The Qwen2.5-1M models are built upon the Transformer architecture used in the Qwen2.5 series, incorporating notable features such as Grouped Query Attention (GQA), SwiGLU activation function, and Rotary Positional Embeddings (RoPE). The series includes open-source models Qwen2.5-7B-Instruct-1M and Qwen2.5-14B-Instruct-1M, alongside Qwen2.5-Turbo for API access.

The models are pre-trained using both natural and synthetic datasets to capture long-range token dependencies more effectively. Progressive context length expansion during training is employed to manage GPU memory consumption efficiently without compromising on learning long-context tasks. The series demonstrates extended capabilities in a variety of benchmarks, outperforming previous versions on long-context tasks.

Key Techniques

Long Data Synthesis: This involves creating datasets that prioritize long-range dependencies through synthetic data tasks such as Fill in the Middle, Keyword-Based Retrieval, and Paragraph Reordering.
Progressive Pre-training: Context length is gradually increased, starting from 4096 tokens up to 262,144 tokens, while adjusting RoPE's base frequency to handle longer contexts.
Multi-Stage Supervised Fine-Tuning (SFT) and Reinforcement Learning (RL): To balance performance across sequence lengths and improve human alignment, a multi-stage sFT and RL approach is adopted.

Inference and Deployment

Framework and Efficiency

The aim is to reduce inference costs while maintaining high performance. This is accomplished through a combination of training-free length extrapolation and sparse attention methods. The inference framework boosts prefill speeds significantly, achieving a 3x to 7x speedup.

Key Innovations

Dual Chunk Attention (DCA): Remaps large relative positions into smaller ones, facilitating the handling of extended contexts.
Figure 1: An illustration of Dual Chunk Attention (DCA). DCA remaps the relative positions to smaller numbers, avoiding large relative positions that were untested during training.
Sparse Attention Mechanism: Inspired by MInference, this mechanism reduces the time complexity of attention to handle ultra-long sequences effectively. By employing patterns like Vertical-Slash, the model selectively computes attention only where critical.

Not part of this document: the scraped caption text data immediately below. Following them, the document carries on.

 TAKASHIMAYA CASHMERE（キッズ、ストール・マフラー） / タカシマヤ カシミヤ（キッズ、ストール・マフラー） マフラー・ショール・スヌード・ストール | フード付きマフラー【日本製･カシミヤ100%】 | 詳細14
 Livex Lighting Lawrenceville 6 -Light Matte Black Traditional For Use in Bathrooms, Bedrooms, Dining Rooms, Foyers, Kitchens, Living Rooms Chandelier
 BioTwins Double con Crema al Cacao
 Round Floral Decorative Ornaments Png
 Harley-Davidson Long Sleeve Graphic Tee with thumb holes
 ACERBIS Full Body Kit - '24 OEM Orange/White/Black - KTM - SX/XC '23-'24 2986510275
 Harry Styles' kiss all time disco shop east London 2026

Figure 2: Vertical-Slash pattern in MInference.

Length Extrapolation: Enabling the model to support longer contexts without re-training, this technique involves DCA and scaling mechanisms like YaRN to maintain performance over longer input sequences.

Evaluation and Performance

Benchmarking and Results

The report provides extensive evaluation metrics, showing significant improvements in handling long-context tasks compared to contemporaries like GPT-4 and other models. Qwen2.5-1M models maintain short-context performance, ensuring versatility.

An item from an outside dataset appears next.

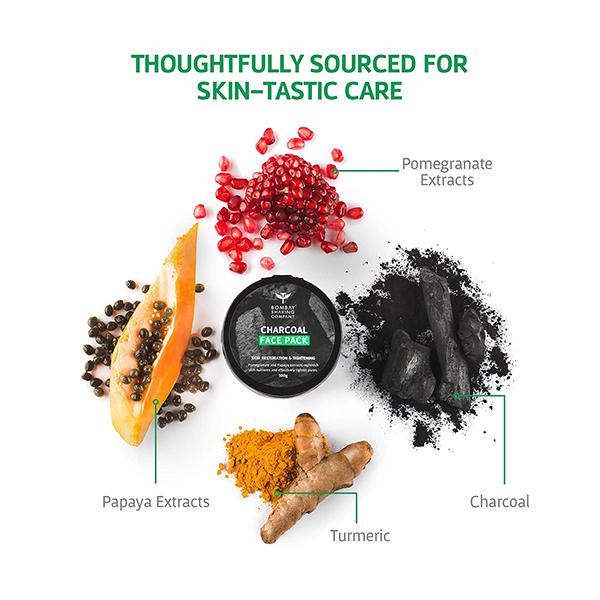 Bombay Shaving Company Skin Restoration & Tightening Face Pack - Charcoal 100 gm - Face Packs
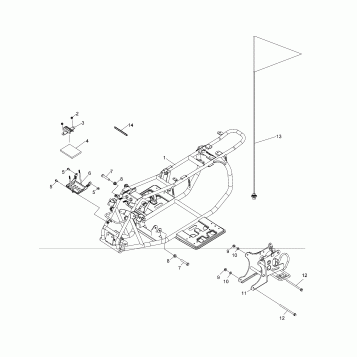 CHASSIS, FRAME and SWING ARM - A17YAK05A4/A6 (A00038)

Inference Speed and Efficiency

Performance benchmarks demonstrate notable speed improvements, particularly in Time to First Token (TTFT) across different GPUs and model configurations.

Figure 3: TTFT (Time to First Token) of Qwen2.5-7B-Instruct-1M, Qwen2.5-14B-Instruct-1M, Qwen2.5-Turbo on H20 and A100 GPUs.

Conclusion

The Qwen2.5-1M series exemplifies advancements in extending context lengths for LLMs efficiently. Through innovative training strategies and optimized inference frameworks, these models offer practical solutions for real-world applications requiring extensive context processing. Future efforts will continue to refine these models to enhance both operational efficiency and scope of applications. The open-sourced components of the Qwen2.5-1M series significantly contribute to the broader AI research community, facilitating further innovations in language modeling.